***** Information supplied *****

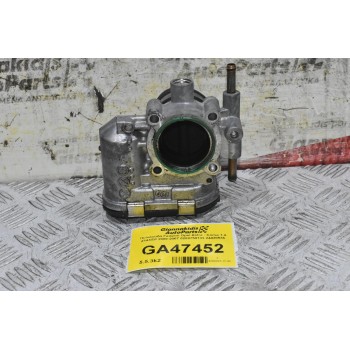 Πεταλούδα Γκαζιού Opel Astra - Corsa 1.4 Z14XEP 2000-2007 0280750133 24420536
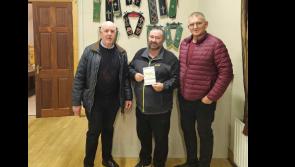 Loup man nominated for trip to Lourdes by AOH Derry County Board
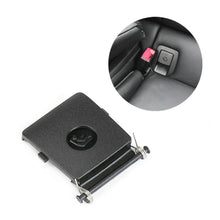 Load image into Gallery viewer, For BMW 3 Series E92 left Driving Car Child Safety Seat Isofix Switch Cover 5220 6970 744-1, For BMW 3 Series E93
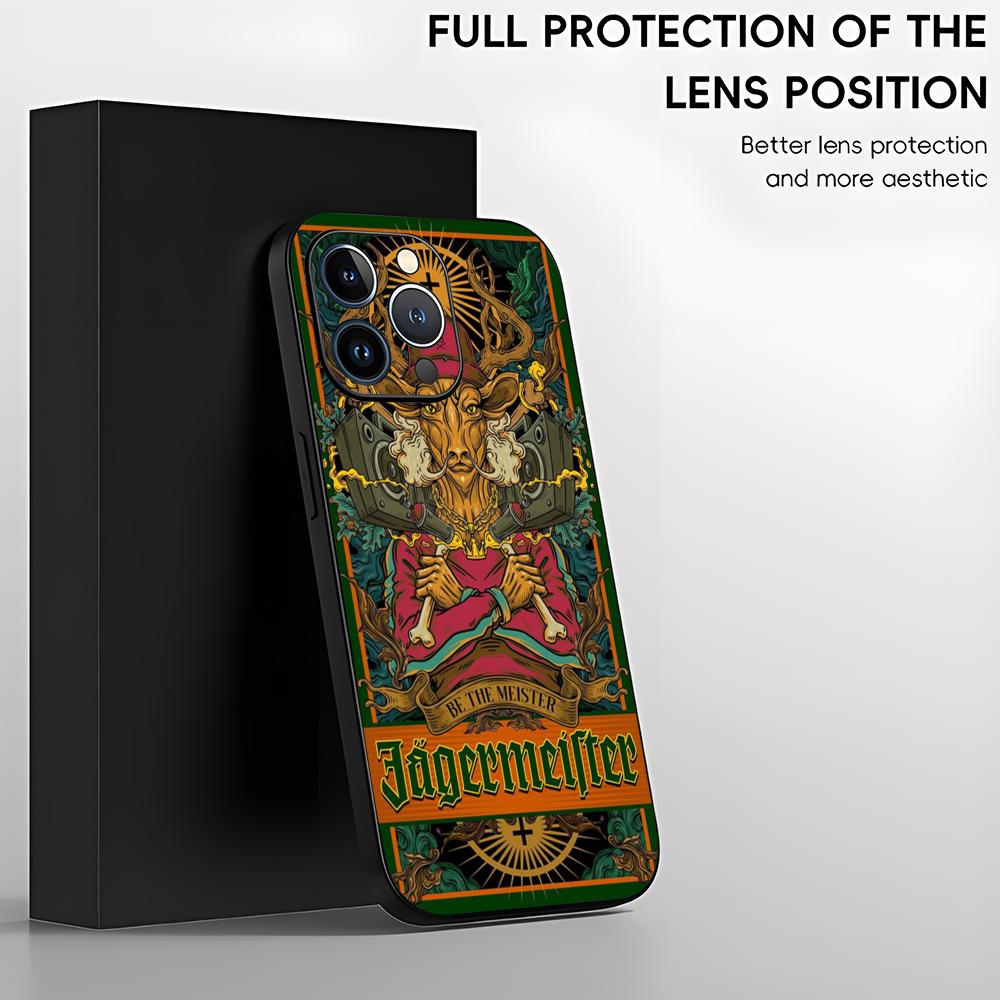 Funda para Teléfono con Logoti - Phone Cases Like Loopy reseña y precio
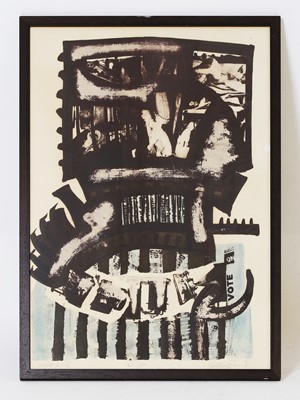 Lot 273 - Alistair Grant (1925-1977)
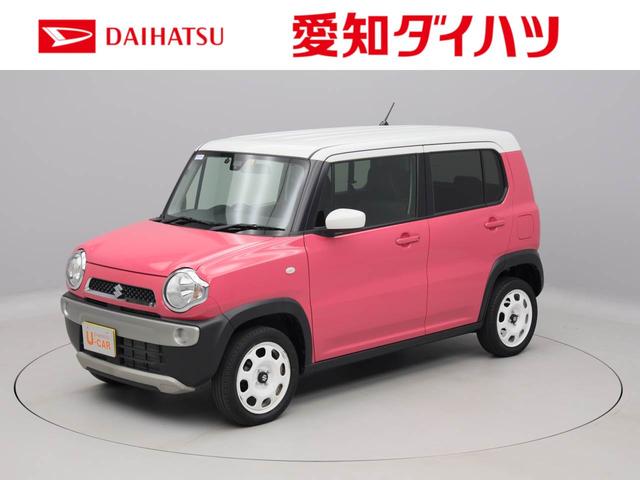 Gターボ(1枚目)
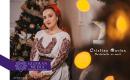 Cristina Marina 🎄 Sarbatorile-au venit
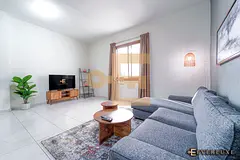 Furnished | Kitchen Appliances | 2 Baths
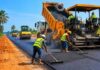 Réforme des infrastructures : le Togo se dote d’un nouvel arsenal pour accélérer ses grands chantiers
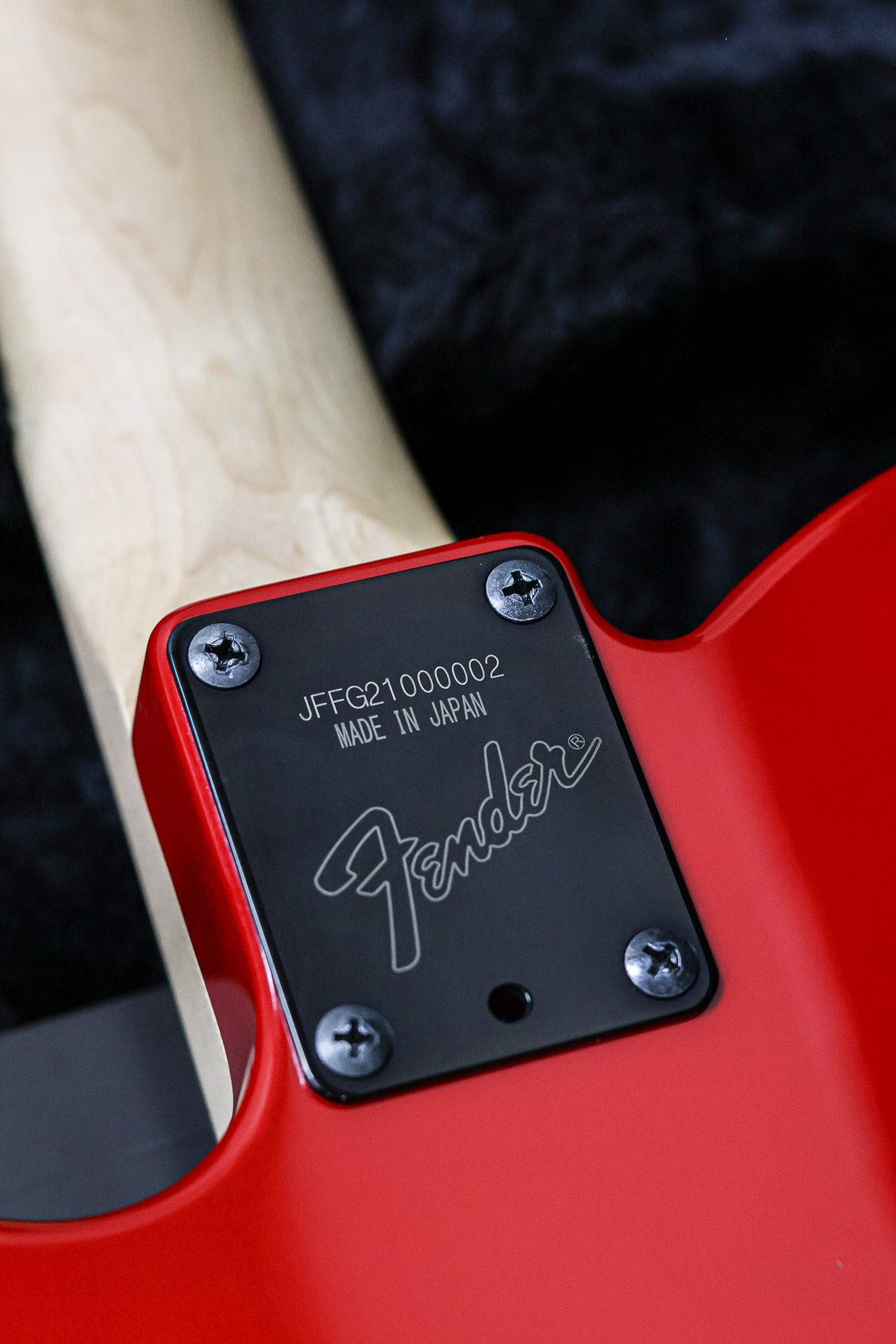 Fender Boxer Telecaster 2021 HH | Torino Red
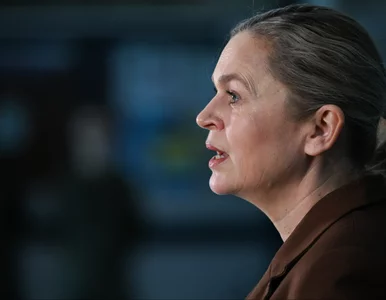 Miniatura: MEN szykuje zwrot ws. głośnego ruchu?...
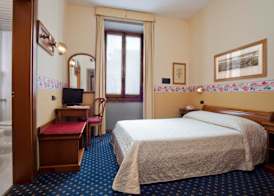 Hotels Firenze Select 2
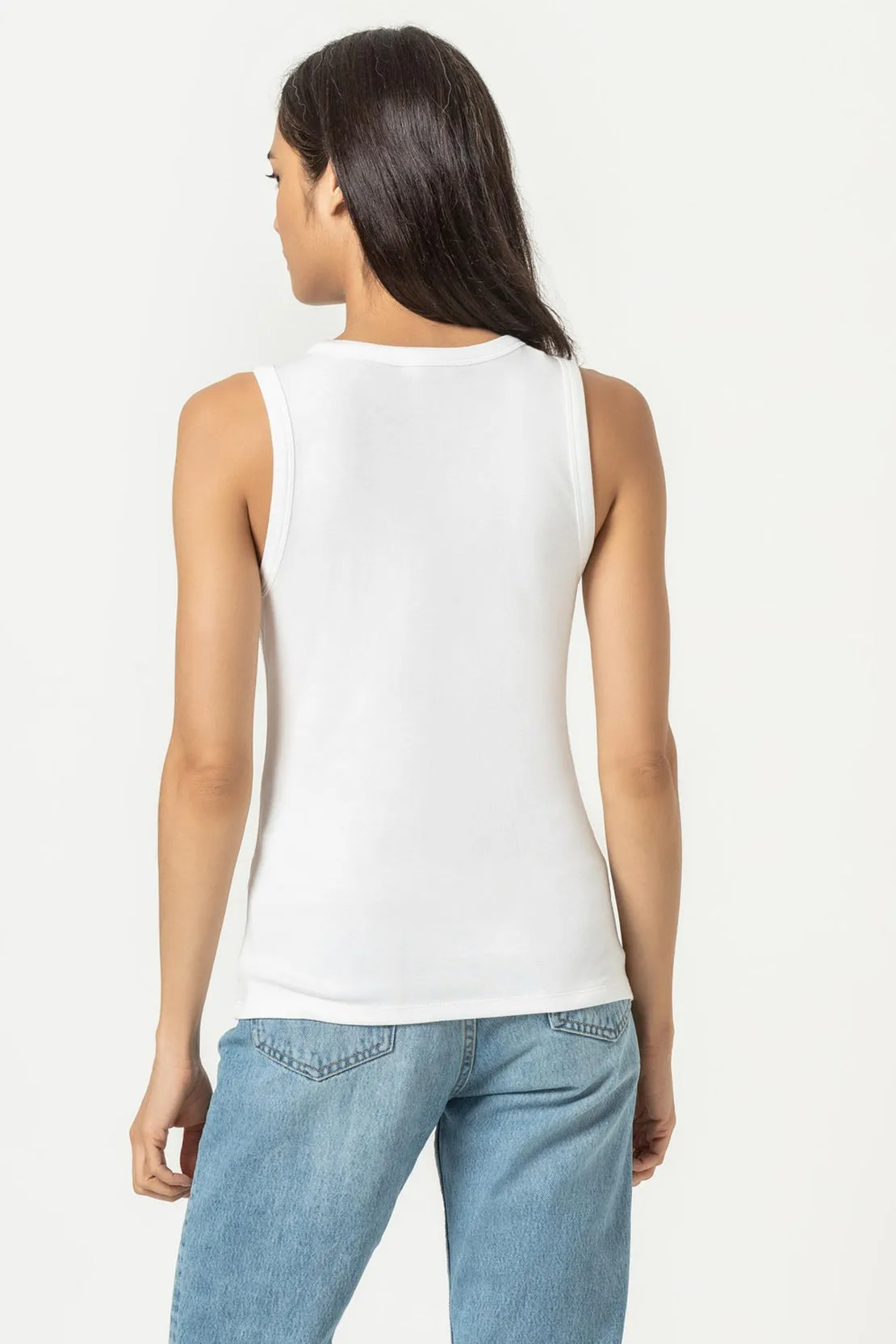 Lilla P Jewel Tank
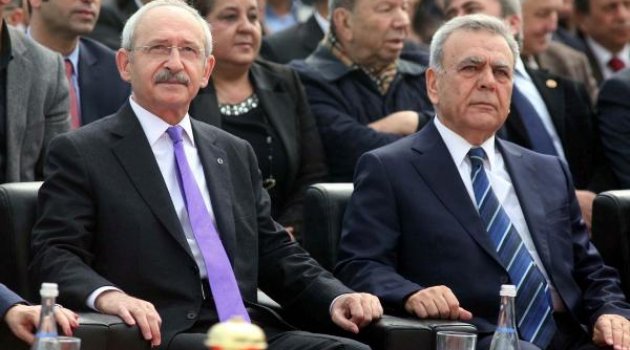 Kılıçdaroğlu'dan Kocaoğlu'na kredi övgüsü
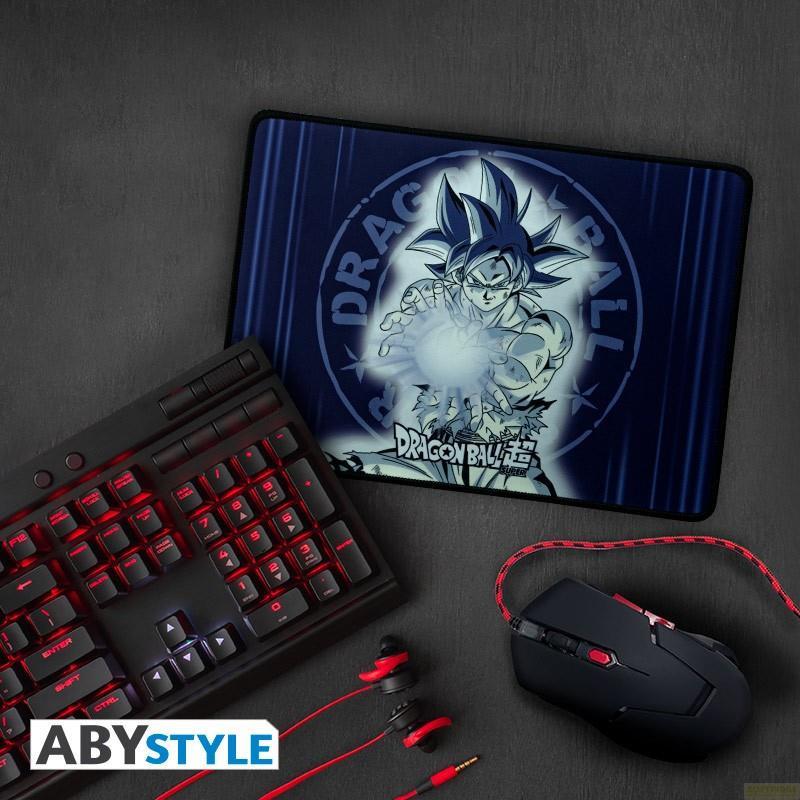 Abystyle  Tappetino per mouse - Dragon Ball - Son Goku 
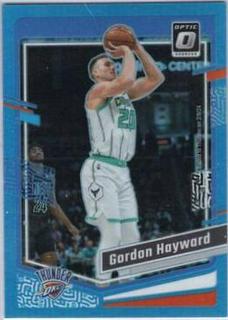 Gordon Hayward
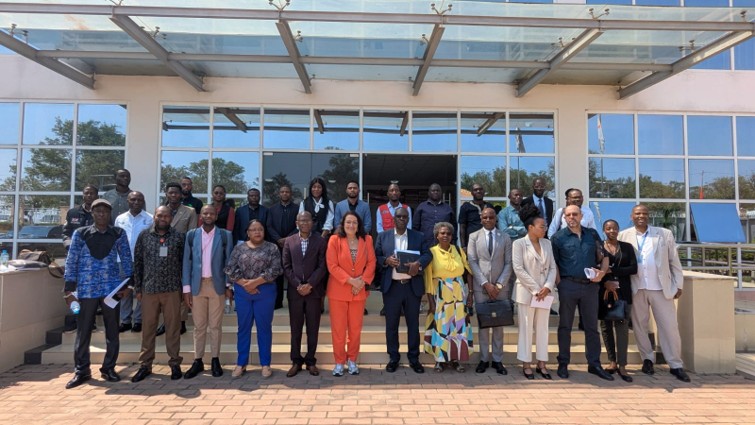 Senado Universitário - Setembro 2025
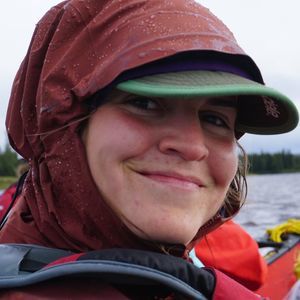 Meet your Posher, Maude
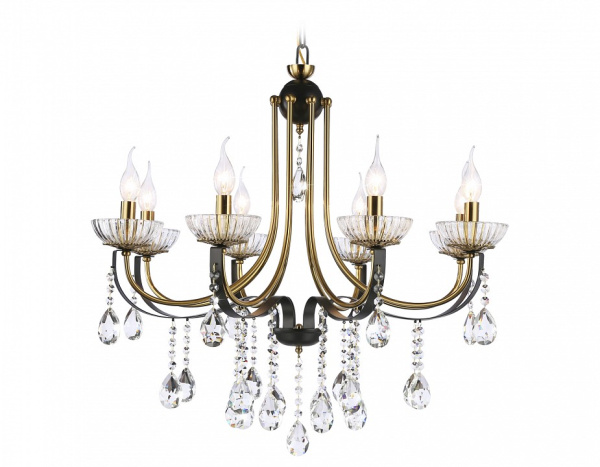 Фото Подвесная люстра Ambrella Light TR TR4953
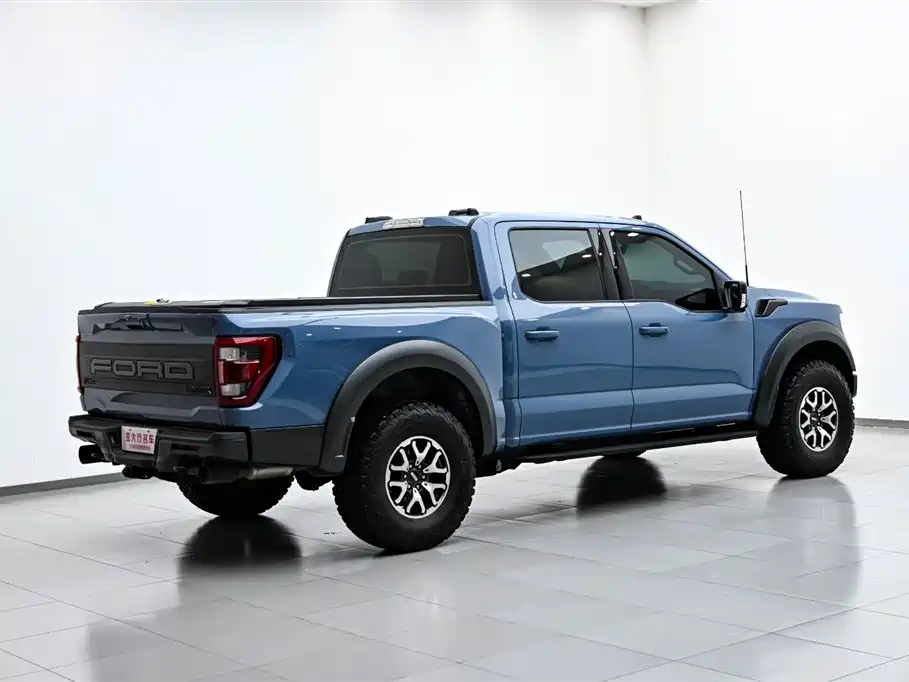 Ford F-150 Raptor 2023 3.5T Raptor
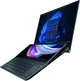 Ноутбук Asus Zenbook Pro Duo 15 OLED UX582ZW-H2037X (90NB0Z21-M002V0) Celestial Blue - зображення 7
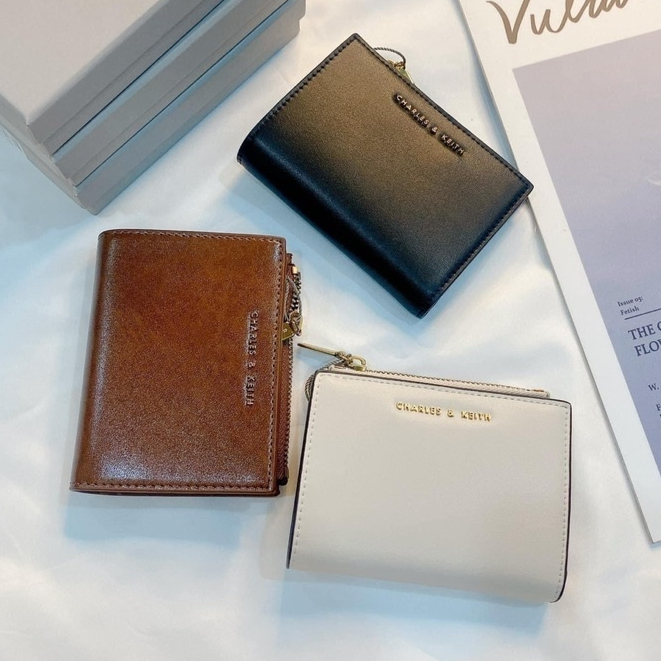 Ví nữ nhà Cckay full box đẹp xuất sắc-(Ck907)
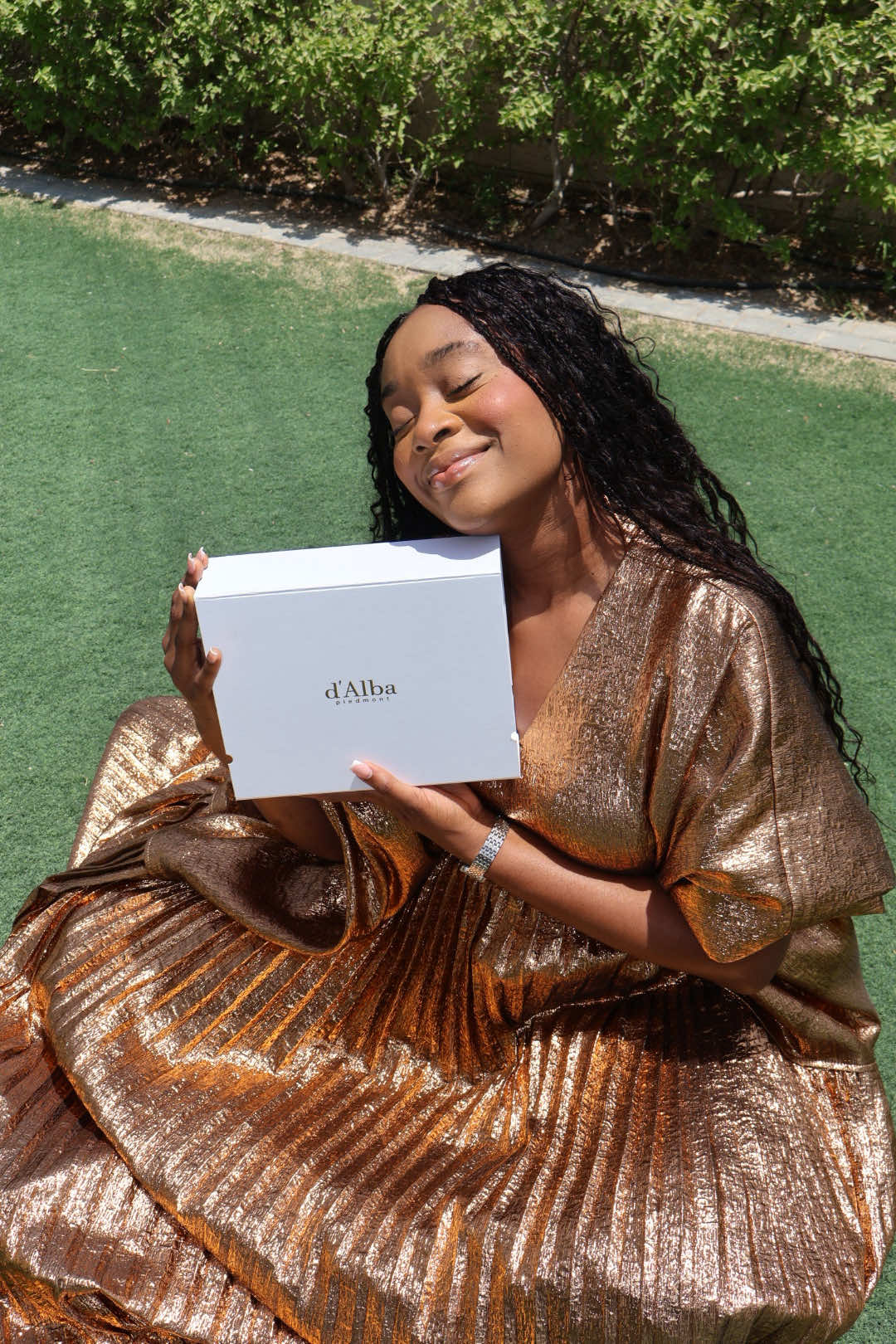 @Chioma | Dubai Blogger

*****

→ **Task**
From the line holding "Miniatura: MEN szykuje" to the line holding "Meet your Posher, Maude", both included, retype the entries above exactly and drop the pictures.

→ **Answer to this exercise**
 Miniatura: MEN szykuje zwrot ws. głośnego ruchu?...
 Hotels Firenze Select 2
 Lilla P Jewel Tank
 Kılıçdaroğlu'dan Kocaoğlu'na kredi övgüsü
 Abystyle  Tappetino per mouse - Dragon Ball - Son Goku 
 Gordon Hayward
 Senado Universitário - Setembro 2025
 Meet your Posher, Maude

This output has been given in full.